*Instructions to follow*
Copy each entry verbatim, excluding its images.
--- The data Enclosed Below ---
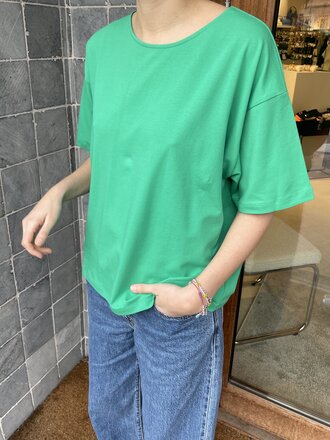 RE/BORN Zoe T-shirt - Smaragd Green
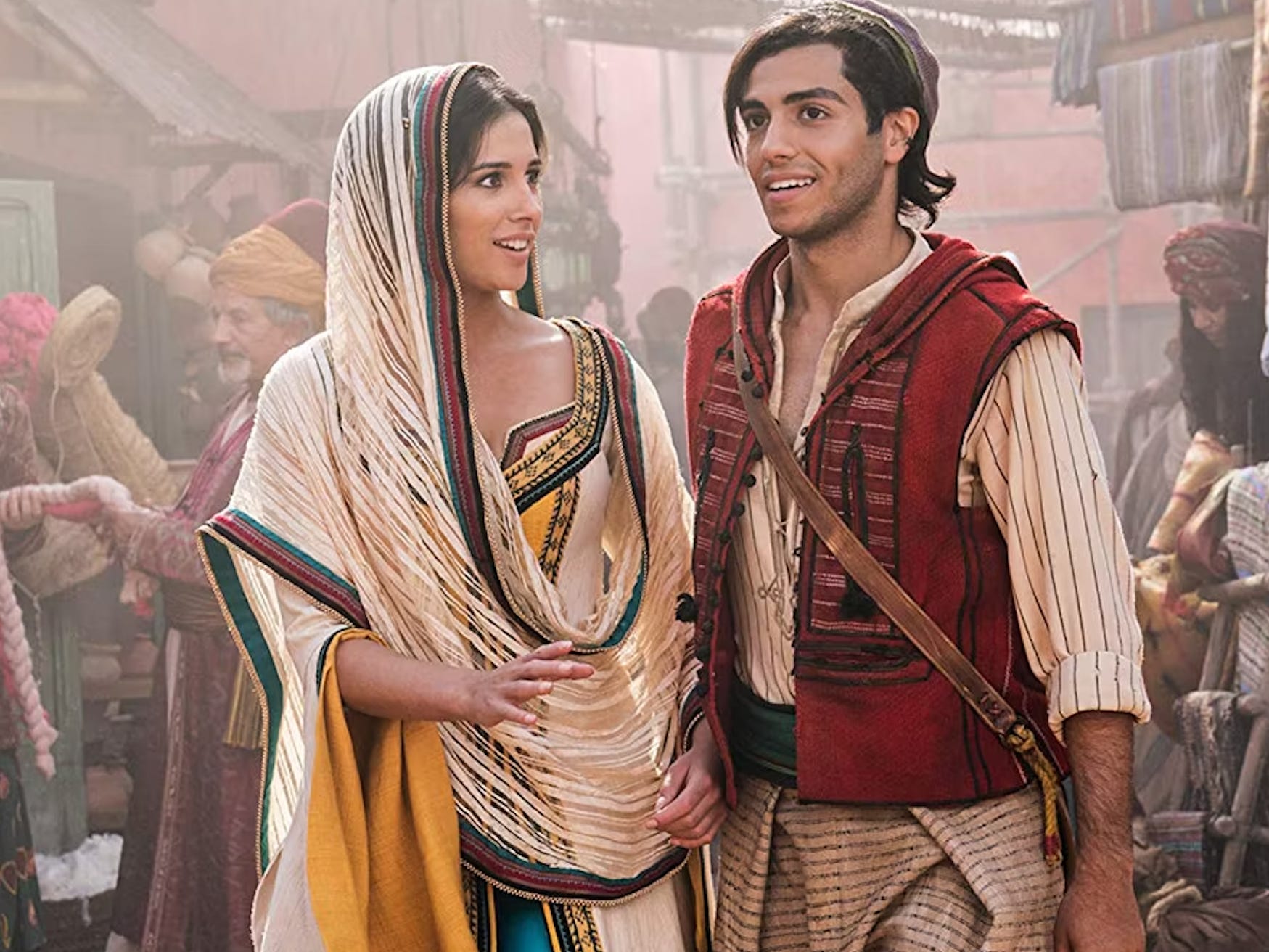 a still from the 2019 live-action adaptation of aladdin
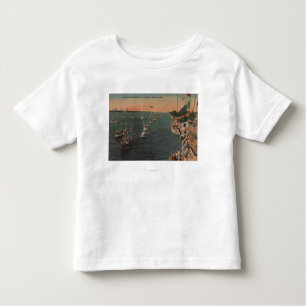 Camiseta Infantil Miami, Florida - ideia da pesca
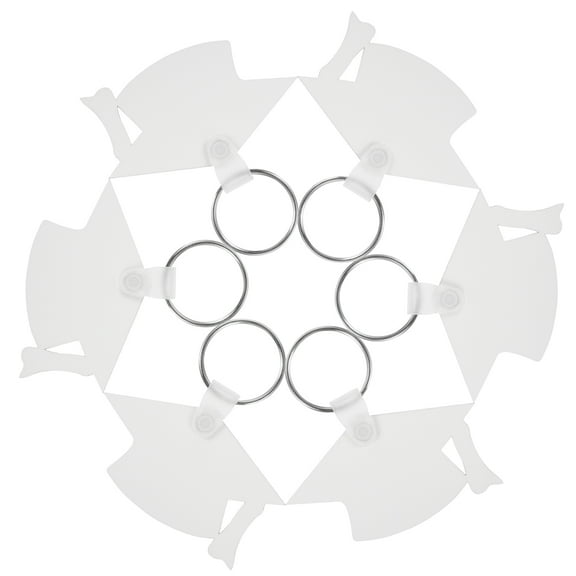 GETAJGHSD Sublimation Keyring Blanks for Graduation Party 6Pcs 2.4x1.4in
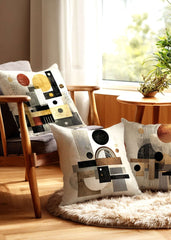 Mid-century Modern Geometry Throw Pillow Cushion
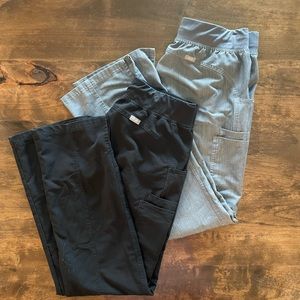 Women’s Figs Small Tall Kade Cargo Scrub Bottom Bundle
--- End of Enclosed The data ---
*Solution to the problem*
 RE/BORN Zoe T-shirt - Smaragd Green
 a still from the 2019 live-action adaptation of aladdin
 Camiseta Infantil Miami, Florida - ideia da pesca
 GETAJGHSD Sublimation Keyring Blanks for Graduation Party 6Pcs 2.4x1.4in
 Mid-century Modern Geometry Throw Pillow Cushion
 Women’s Figs Small Tall Kade Cargo Scrub Bottom Bundle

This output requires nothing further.